» **Given records**:

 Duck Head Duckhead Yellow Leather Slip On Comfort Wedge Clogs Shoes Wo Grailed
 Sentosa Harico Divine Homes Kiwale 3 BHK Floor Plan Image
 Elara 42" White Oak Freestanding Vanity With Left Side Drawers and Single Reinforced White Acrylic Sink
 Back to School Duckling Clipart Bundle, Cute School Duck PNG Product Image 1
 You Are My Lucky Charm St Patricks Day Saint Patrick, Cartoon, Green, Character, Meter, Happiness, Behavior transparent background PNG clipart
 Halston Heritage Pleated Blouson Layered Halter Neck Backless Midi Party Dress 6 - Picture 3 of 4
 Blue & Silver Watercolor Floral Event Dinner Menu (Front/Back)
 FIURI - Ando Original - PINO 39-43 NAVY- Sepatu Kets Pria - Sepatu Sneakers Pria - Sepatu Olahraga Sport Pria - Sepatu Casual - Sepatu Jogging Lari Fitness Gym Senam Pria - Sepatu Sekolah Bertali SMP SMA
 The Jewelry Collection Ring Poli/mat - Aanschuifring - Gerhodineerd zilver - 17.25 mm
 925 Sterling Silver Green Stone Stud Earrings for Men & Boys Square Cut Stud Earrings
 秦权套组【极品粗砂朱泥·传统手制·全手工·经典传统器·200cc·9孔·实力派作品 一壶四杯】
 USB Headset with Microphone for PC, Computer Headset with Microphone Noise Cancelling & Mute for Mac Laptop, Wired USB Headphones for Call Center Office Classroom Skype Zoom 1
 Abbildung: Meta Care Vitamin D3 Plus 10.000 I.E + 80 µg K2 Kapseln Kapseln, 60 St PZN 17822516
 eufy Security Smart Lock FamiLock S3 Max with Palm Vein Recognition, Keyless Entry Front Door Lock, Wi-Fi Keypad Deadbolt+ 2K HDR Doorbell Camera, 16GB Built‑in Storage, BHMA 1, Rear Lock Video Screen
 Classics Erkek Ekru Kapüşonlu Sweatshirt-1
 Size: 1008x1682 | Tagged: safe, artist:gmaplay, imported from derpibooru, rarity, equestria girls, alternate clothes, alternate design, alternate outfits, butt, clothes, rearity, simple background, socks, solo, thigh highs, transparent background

» **Exercise directions**: Output, unchanged, the lines from the line with "Abbildung: Meta Care" through the final line of the material.

» **Result of the exercise**:
 Abbildung: Meta Care Vitamin D3 Plus 10.000 I.E + 80 µg K2 Kapseln Kapseln, 60 St PZN 17822516
 eufy Security Smart Lock FamiLock S3 Max with Palm Vein Recognition, Keyless Entry Front Door Lock, Wi-Fi Keypad Deadbolt+ 2K HDR Doorbell Camera, 16GB Built‑in Storage, BHMA 1, Rear Lock Video Screen
 Classics Erkek Ekru Kapüşonlu Sweatshirt-1
 Size: 1008x1682 | Tagged: safe, artist:gmaplay, imported from derpibooru, rarity, equestria girls, alternate clothes, alternate design, alternate outfits, butt, clothes, rearity, simple background, socks, solo, thigh highs, transparent background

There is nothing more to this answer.